Charleville and the River Dargle, County Wicklow

J. Stirling Coyne & N. P. Willis
c. 1841
Volume I, Chapter VII-4 | Start of chapter

On the opposite bank of the river is Charleville, the handsome mansion of the Earl of Rathdowne. The demesne, which participates in the attractive features displayed in the romantic scenery of Powerscourt, extends over twelve hundred acres, and is adorned with noble forest-trees. Pursuing the course of the river downwards from the waterfall, the tourist arrives at the spot where its waters emerge from a deep ravine, the precipitous sides of which are clothed with luxuriant oaks, through whose thick foliage masses of rock occasionally protrude their rugged forms over the chasm beneath.

The Dargle, County Wicklow

The Dargle

This romantic glen, which is considerably more than a mile in length, takes its name of "THE DARGLE" from the river which flows through it. Entering the majestic woods by a path cut through them, and which overhangs the stream, we obtain at every opening in the trees views of unparalleled beauty and variety, the prevailing features of which partake in a great degree of the sublime. The opposite side of the glen appears one mass of thick foliage rising precipitously from the brink of the river, whose progress is heard, but whose bed is sunk so far below the surface of the woods in which it is lost, that one might suppose, without any extraordinary stretch of the imagination, it was a river in some inner world, laid open by a Titanic throe, that had cracked asunder the rocky crust of this shallow earth;—the soil, and the deep-striking roots of the trees terminating far above us, looking like a black rim on the enclosing precipices.

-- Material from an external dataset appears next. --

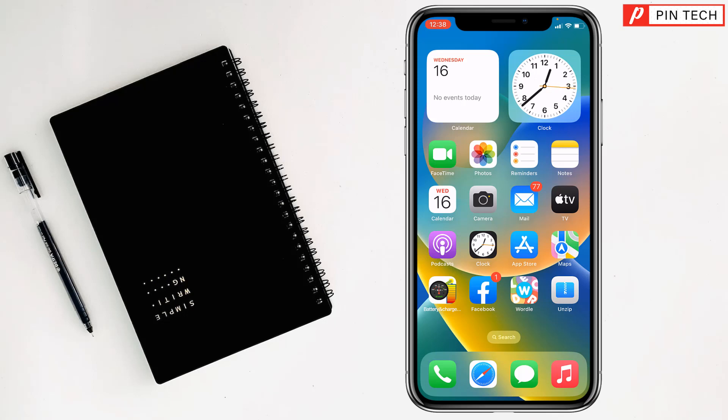Friends, today I am going to show you how to install and use two Facebook apps on iPhone. To install and use two Facebook apps on iPhone, you have to go on App Store first.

When occasionally we catch a glimpse of the troubled waters through the gleam of the overhanging woods, they afford no silvery relief to the solemn grandeur of their majestic channel, but taking a sombre tinge from the shadow of the impending precipices, "boil and bubble" darkly over their rocky bed. About midway down the glen, a huge mass of rock, projecting at a great height over the river, has received the name of "The Lover's Leap," though we confess to not having been able to discover that any heart-stricken swains or damsels were ever silly enough to follow the example of Sappho, by precipitating themselves from the dizzy precipice. The prospect from this spot is magnificent, and the most vivid powers of imagination must fail adequately to describe a scene of such exquisite beauty as here spreads before the view. The eye from this elevated site comprehends every part of the deep glen below, catching at intervals the river breaking over fantastic fragments of rock detached from the cliffs above. To the left, the glen gradually expands into an open campaign country, bounded in the distance by the blue expanse of the sea; to the right, the vales and hills of Powerscourt, richly verdant and adorned with majestic timber, and hemmed in by lofty and rugged mountains, form an interesting and noble landscape.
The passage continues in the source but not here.